● Task objective: No picture belongs in the answer, which must hold exactly the lines from the one with "Brass Vintage Crystal" through the final line below.

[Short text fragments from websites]
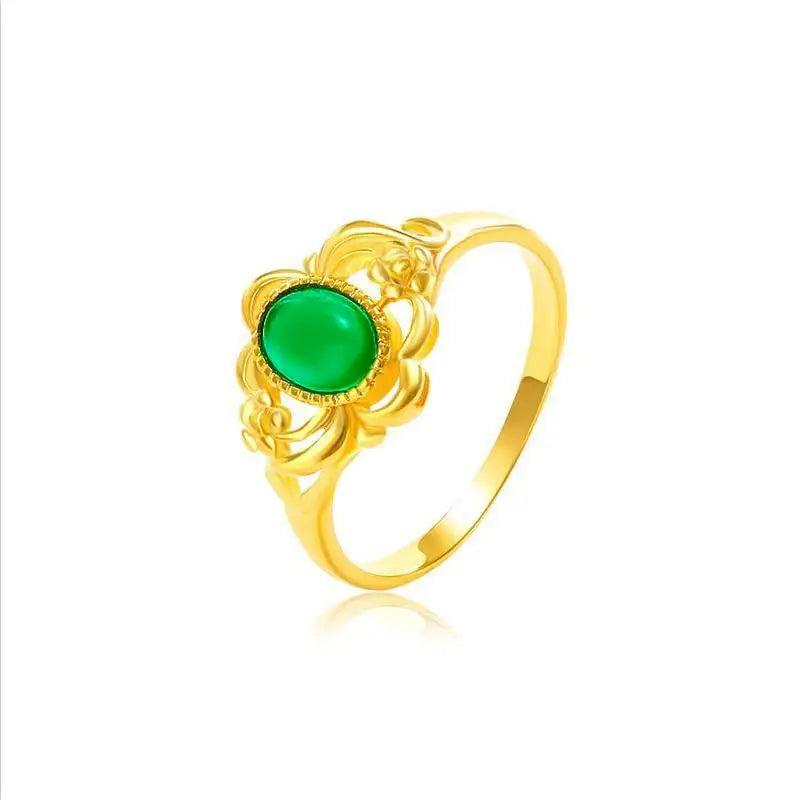 Vintage Green Agate Rings 24K Yellow Plated Women Jewelry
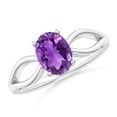 thumbnail image 1 of ANGARA Natural 1.15 Ct. Amethyst Solitaire Ring in Sterling Silver for Women (Ring Size: 3.5), 1 of 9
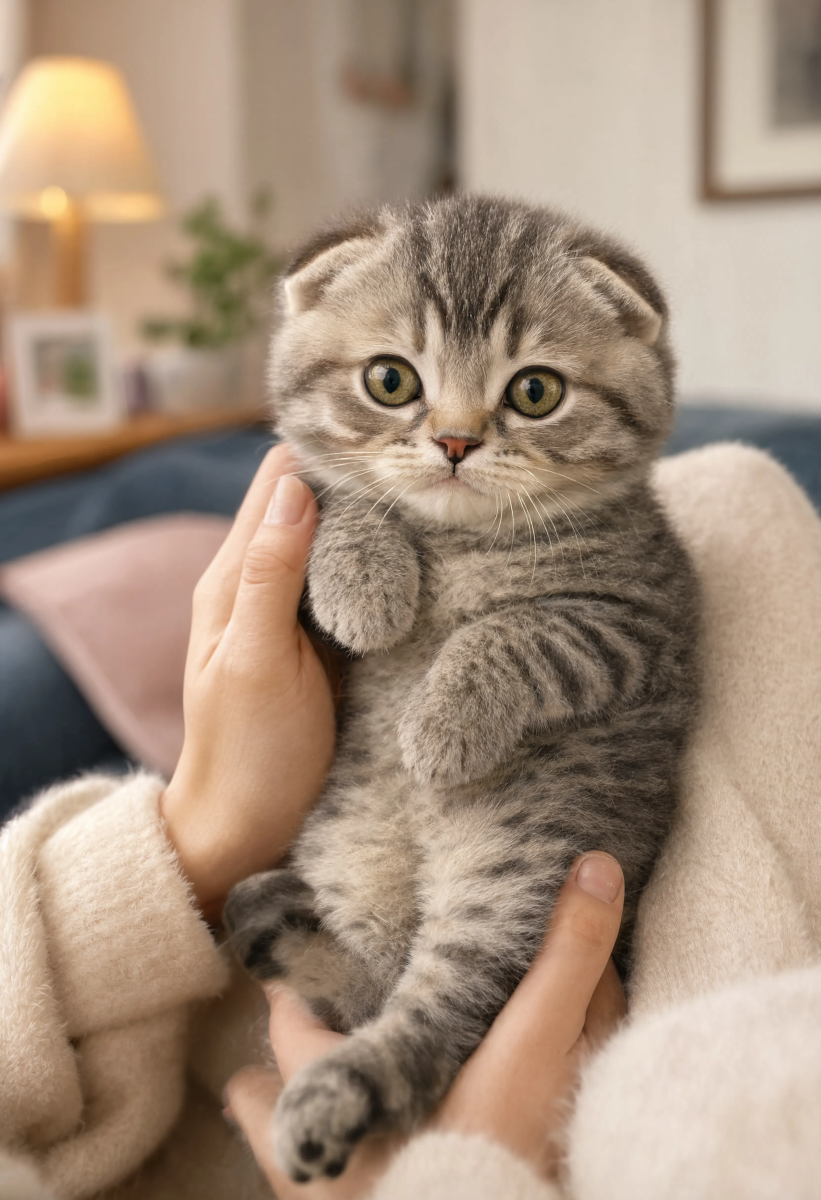 Scottish Fold Kitten In Hands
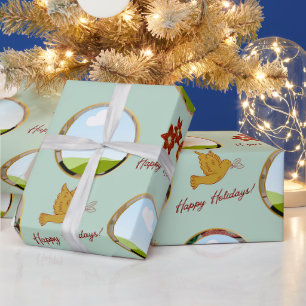 Papel De Presente Poinsettia e Foto Personalizada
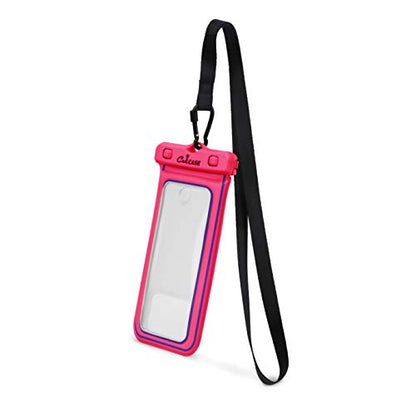 CaliCase Premium Universal Waterproof Floating Phone Pouch - IPX8 Waterproof Floating Phone Case with Lanyard for iPhone and Android - Pink Glow in the Dark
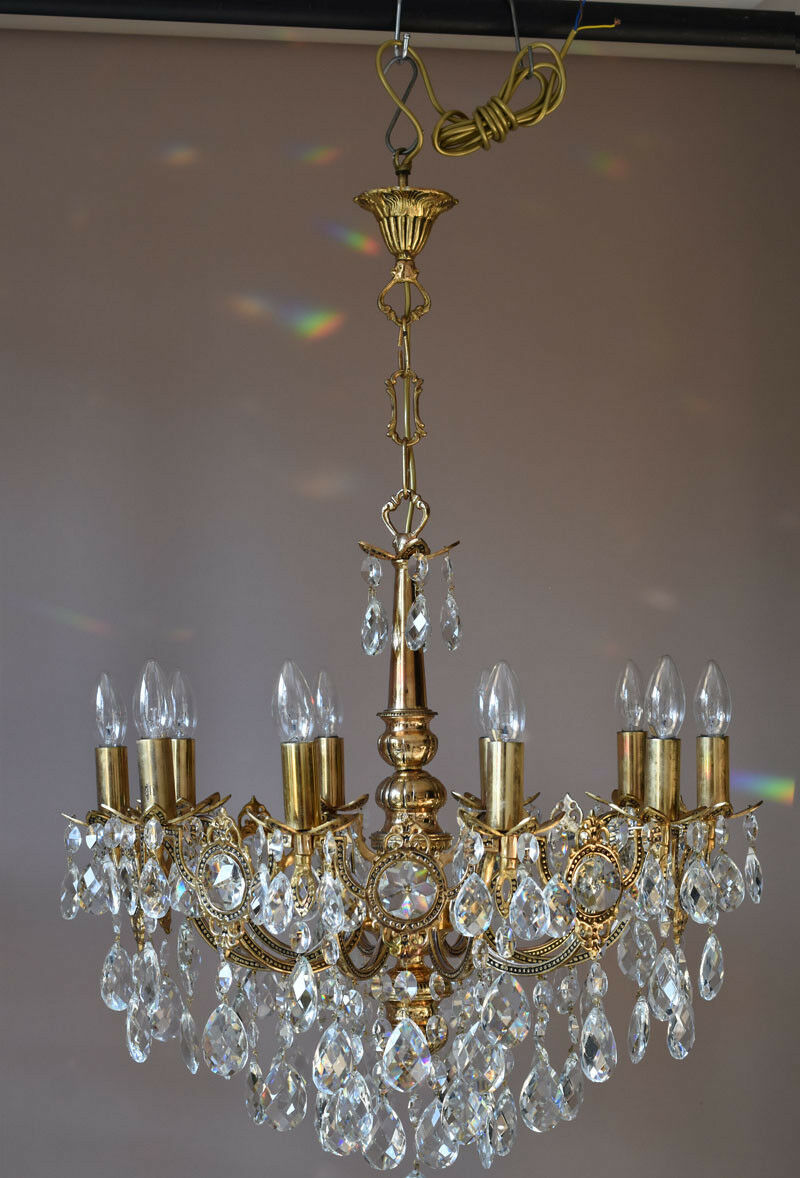 Brass Vintage Crystal Chandelier Antique Lighting Home Lights Lamp 10 arm French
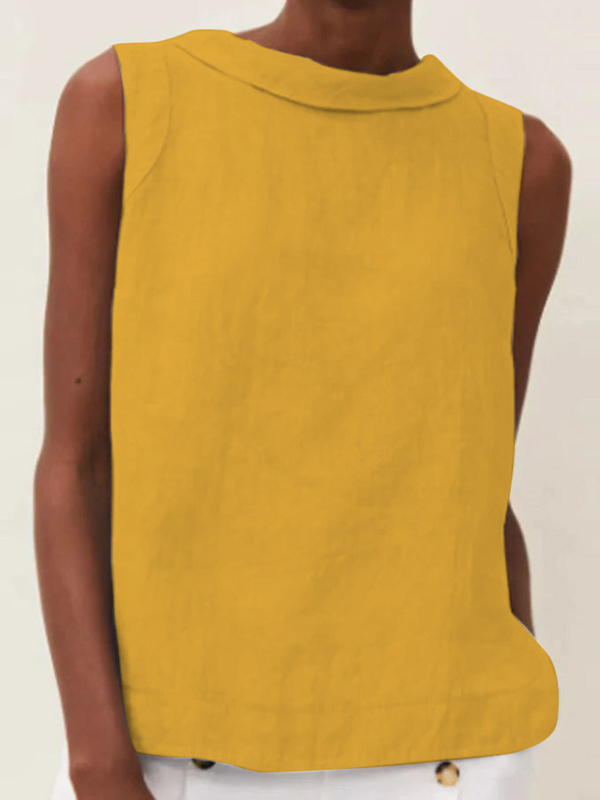 2024-es európai és amerikai független állomású pamut és lenvászon tiszta színű, kerek nyakú, rövid pulóver, lezser, tiszta színű ujjatlan felső.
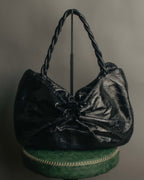 "Salvatore Ferragamo" 00's Vintage crushed patent leather braided handle hobo bag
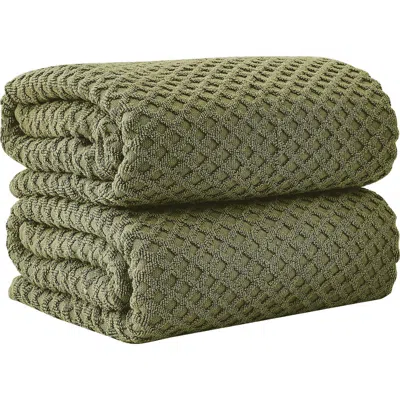 Woven & Weft Diamond 2-pack Bath Towel Set In Green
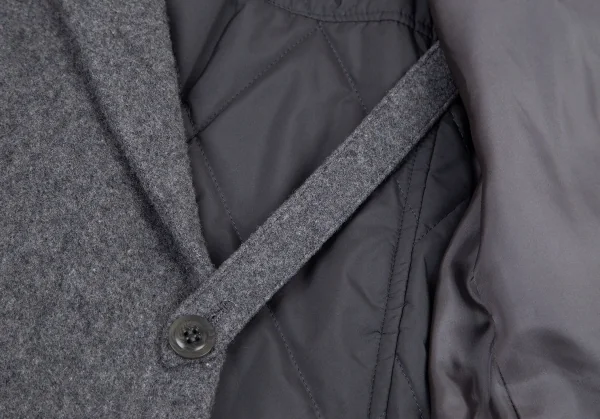 ワイズ ピンクY's PINK ウール中綿ライナーダブルジャケット グレー1 K-80102_010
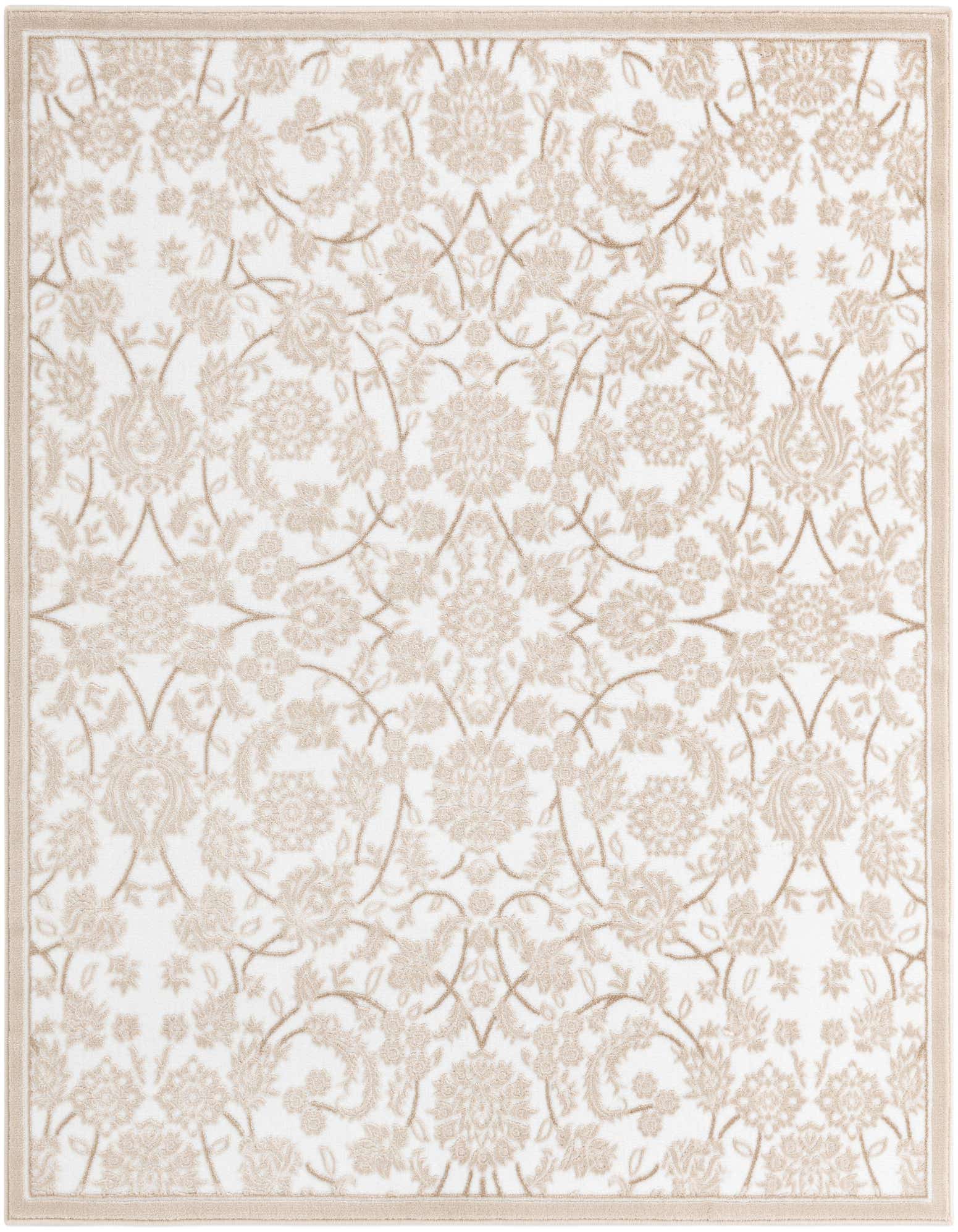 A 6' 0 x 6' 0 square white area rug with a subtle, textured beige traditional floral and botanical pattern and a thin border.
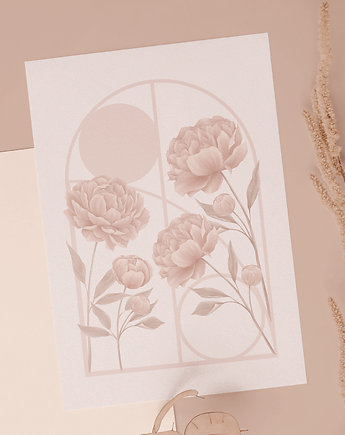 Grafika/ pocztówka A5 lub A6 piwonie, Agnieszka Baran Ilustracje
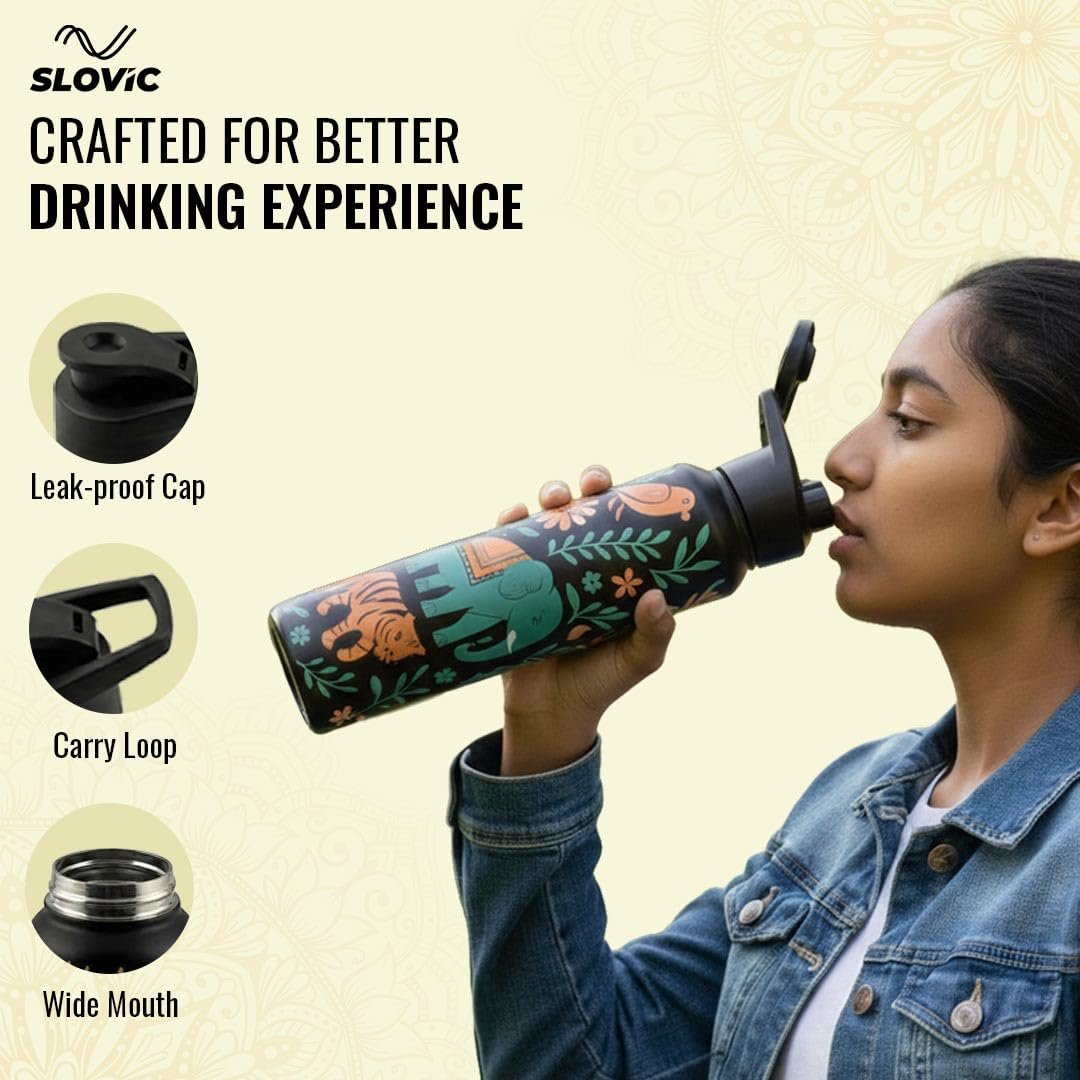 slovic steel water bottle 1 ltr | incredible india design fridge water bottle for school kids | 100% bpa free & leak proof | sipper water bottles for adults | ideal for gym, office, travel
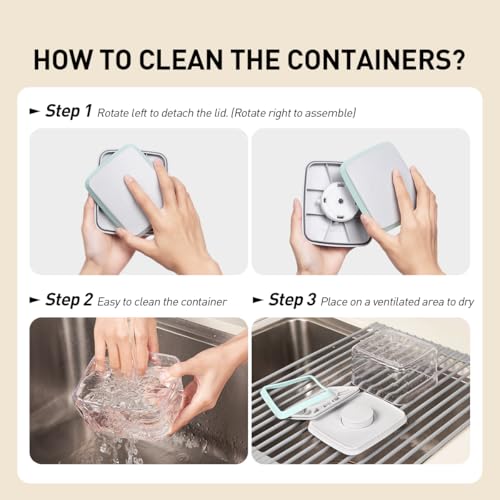 EQI 6-Piece Food Storage Containers Set with Airtight Pop Lids, BPA-Free, 3 Sizes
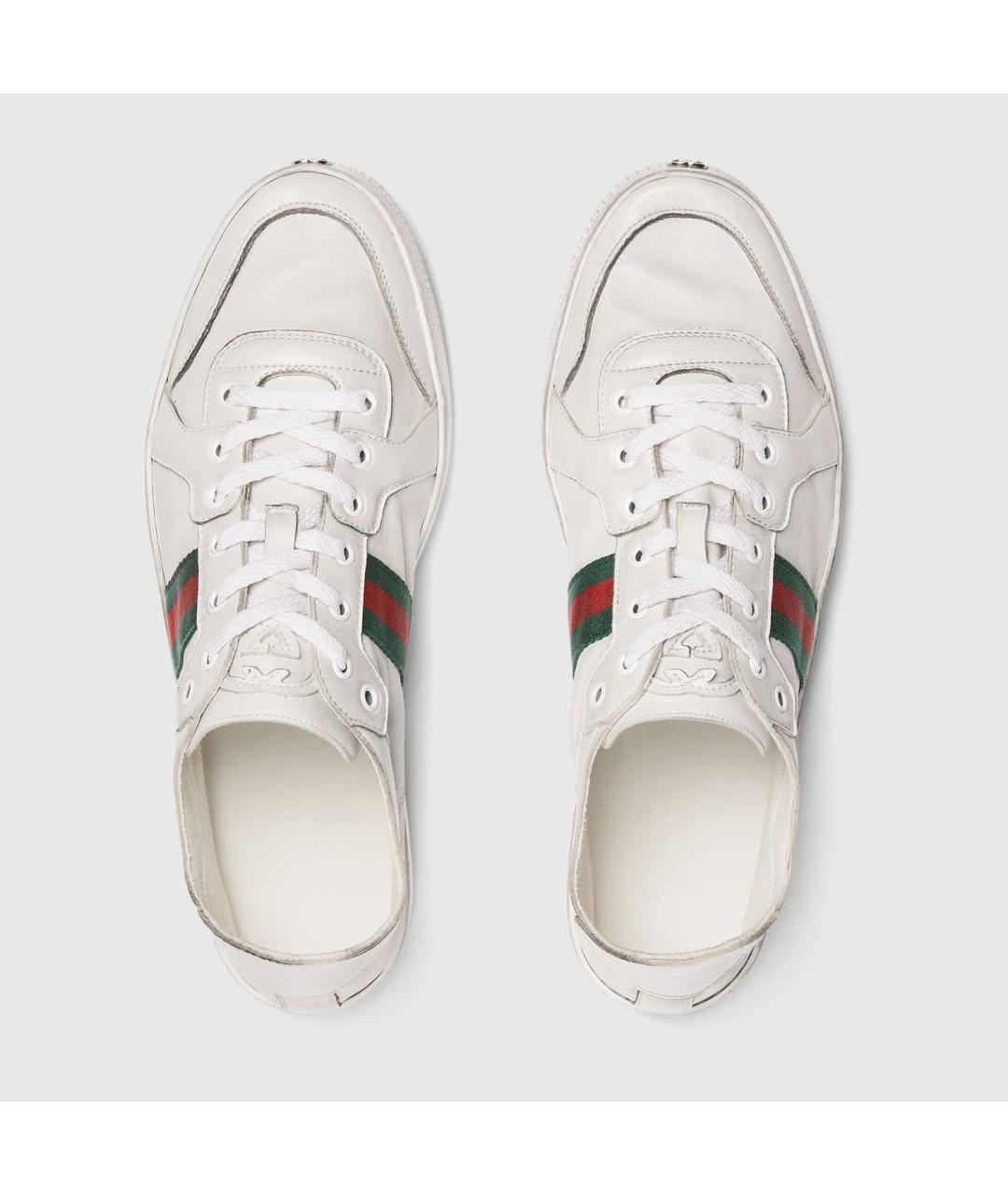 GUCCI Белые кожаные низкие кроссовки / кеды, фото 4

● Solution:
 Brass Vintage Crystal Chandelier Antique Lighting Home Lights Lamp 10 arm French
 2024-es európai és amerikai független állomású pamut és lenvászon tiszta színű, kerek nyakú, rövid pulóver, lezser, tiszta színű ujjatlan felső.
 "Salvatore Ferragamo" 00's Vintage crushed patent leather braided handle hobo bag
 Woven & Weft Diamond 2-pack Bath Towel Set In Green
 ワイズ ピンクY's PINK ウール中綿ライナーダブルジャケット グレー1 K-80102_010
 A 6' 0 x 6' 0 square white area rug with a subtle, textured beige traditional floral and botanical pattern and a thin border.
 Grafika/ pocztówka A5 lub A6 piwonie, Agnieszka Baran Ilustracje
 slovic steel water bottle 1 ltr | incredible india design fridge water bottle for school kids | 100% bpa free & leak proof | sipper water bottles for adults | ideal for gym, office, travel
 EQI 6-Piece Food Storage Containers Set with Airtight Pop Lids, BPA-Free, 3 Sizes
 GUCCI Белые кожаные низкие кроссовки / кеды, фото 4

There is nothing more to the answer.